В этом смысле выйти из ритуала очень страшно. Ты в этот момент должен посмотреть в лицо смерти. Если у тебя хватит смелости посмотреть, то ты начнешь жить. Многие люди, которые переболели тяжелыми болезнями, начинают так жить — по-настоящему. Потому что они в лицо смерти посмотрели.
— А у вас что было вашим таким…
— А у меня не было ничего такого, не знаю. Просто мне философия нравилась всегда. Так, потихонечку что-то приходит.
— Когда я готовился к интервью я слышал: "Юнусов — амбиций много, пиара много, но ничего он не сделает".
— Если честно, то PR — это же часть работы.
Если ты делаешь какие-то хорошие вещи, то нужно донести до общества это. Популяризация науки — важная штука. Хочется, чтобы талантливые ребята не уходили в банк, а шли в физику и физикой занимались. Для этого надо показывать, что есть хорошие места, в которых можно в России делать настоящую науку мирового уровня.
Я же тоже живу в шаблонах, то есть я могу рассуждать про шаблоны, но все равно они надо мной довлеют. А что я сделал в своей жизни? Я же должен что-то сделать в своей жизни. Я вот считаю, что квантовый центр я уже сделал. В принципе, если надо завтра умереть, или сегодня, мне уже нормально, у меня уже все хорошо.
Конечно, хочется на мировой уровень выйти по квантовому компьютеру. Но я понимаю, что до 24-го года мы, конечно, не догоним, но нам нужно сильно сократить отставание. А дальше надо ставить перед собой цели быть среди лучших.
— Вот и конкуренция.
— Да, это конкуренция. Но она не в контексте, что надо победить в плохом смысле, а надо просто делать что-то лучше, и все. Нельзя жить в догоняющей модели всегда, надо найти что-то такое, когда ты делаешь то, чего у них нет, тогда это интересно.

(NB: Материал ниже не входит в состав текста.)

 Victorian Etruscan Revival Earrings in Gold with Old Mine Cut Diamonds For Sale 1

— Вы можете позвать на ужин любых троих людей, живых или мертвых. С кем бы вы поужинали?
— Я думал над этим вопросом.
Я бы позвал Сергея Белоусова, это мой партнер, друг и очень умный человек. Я бы позвал Леонардо да Винчи. Я бы позвал Мераба Мамардашвили, самого мощного русскоговорящего философа XX века. Когда я читаю его, я понимаю, что там мощь, а мы как-то очень мелко мыслим.
— Никогда, кстати, не хотели уехать из России?

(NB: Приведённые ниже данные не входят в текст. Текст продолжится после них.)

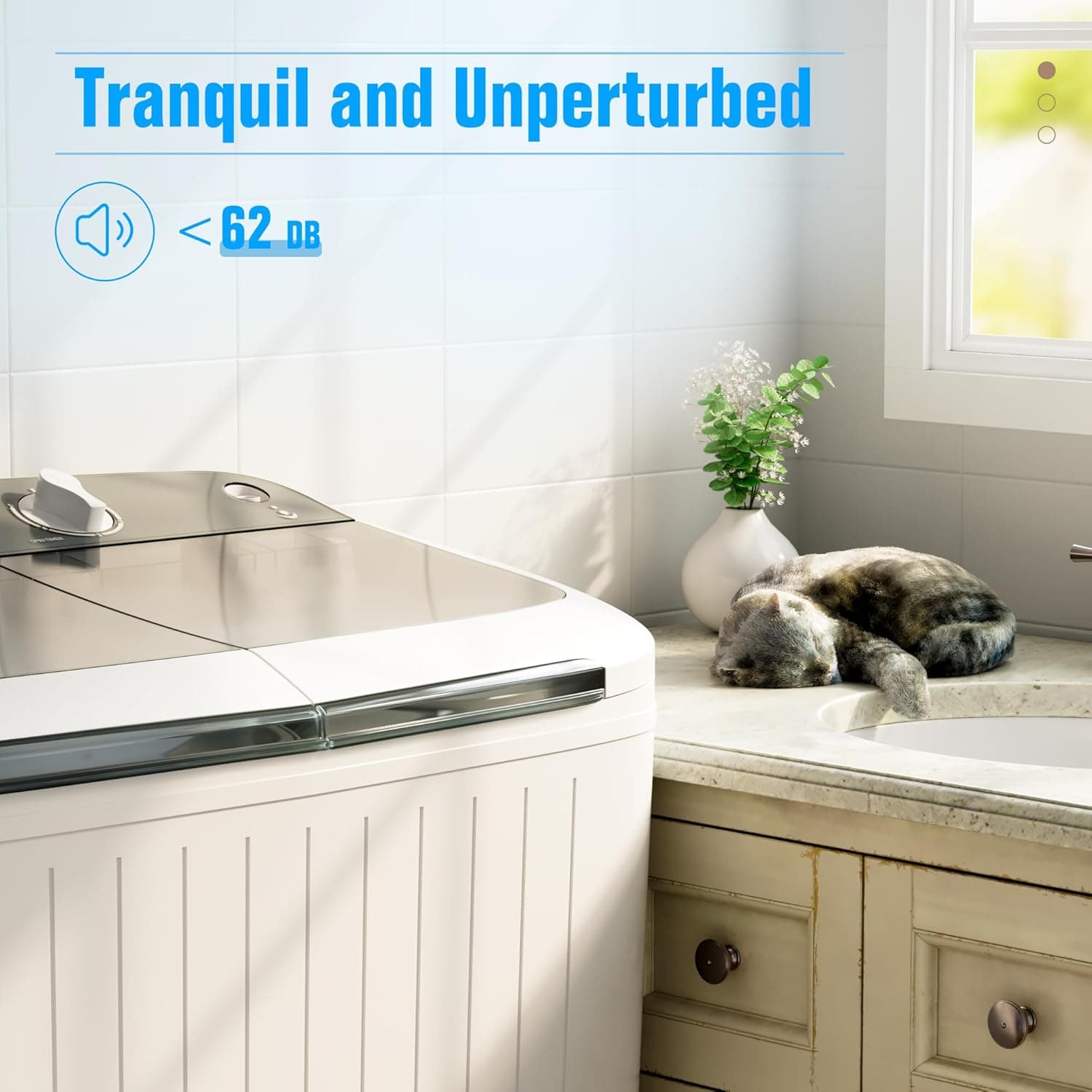 INTERGREAT Portable Washing Machine with Longer Hose, Twin Tub Washer Mini Compact Laundry Machine with Drain Pump, 16lbs Portable Washer Dryer Combo for Dorms, Apartments, Grey Grey 16lbs - Image 9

— Я периодически думал над этим. У меня варианты есть и были, но как-то что-то мне не удается осознать себя членом сборной мира. А членом сборной России я себя осознать могу.
Рационально я понимаю, что мы — человечество. Мы тонким слоем размазаны по планете Земля. Граница государственная — это выдумка. Страны те же — мы сами выдумали их. Но когда ты едешь заниматься задачами в другие страны, то все-таки чувствуется, что стоит за задачами страна какая-то. Тогда ты, попадая в контекст какой-то страны, попадаешь в другую сборную. Я хочу поехать и не попадать ни в какую сборную или попадать в сборную мира. Тогда бы я мог абстрагироваться и поехать.
В российском контексте мне комфортно. Я в нем вырос, я люблю свою Родину. У нас в Москве уровень жизни вообще не уступает европейским столицам, но почему-то людям кажется, что там где-то хорошо, а у нас плохо. Люди недооценивают. Синдром отложенного счастья опять же.
— Как бы вы хотели умереть?
— Мы все равно все умираем. Я как-то смотрел сериал "Клан Сопрано", там последняя сцена, когда его то ли убивают, то ли нет, просто на полуслове — и черный экран, и все. Я думаю, вот так и должно быть. Ты живешь, живешь — и все. Наверное, так.
— Что в вашем некрологе было бы написано?
— Не знаю. Любой ответ — он какой-то не такой, как ни странно. То есть все время мы ставим себя в какой-то шаблон: я отец, я создал РКЦ, я менеджер. Это глупо. Все, выключили, нет ничего, нет никаких некрологов. Пока живой, надо делать.
— Что вам помогает себя ощущать живым?
— Мне помогает, если я по утрам читаю Мамардашвили чуть-чуть — тогда на полдня уже живой. Это дает осознанность. А когда у тебя много осознанности, ты понимаешь, что ты живой.
По большому счету, жизнь — череда осознанных поступков. Если нет осознанности — жизни нет. Если нет никаких поступков — жизни нет. Без осознанности не получится жить. Важен фокус внимания: где ты и где ты в мире, что ты тут делаешь. Это и есть жизнь.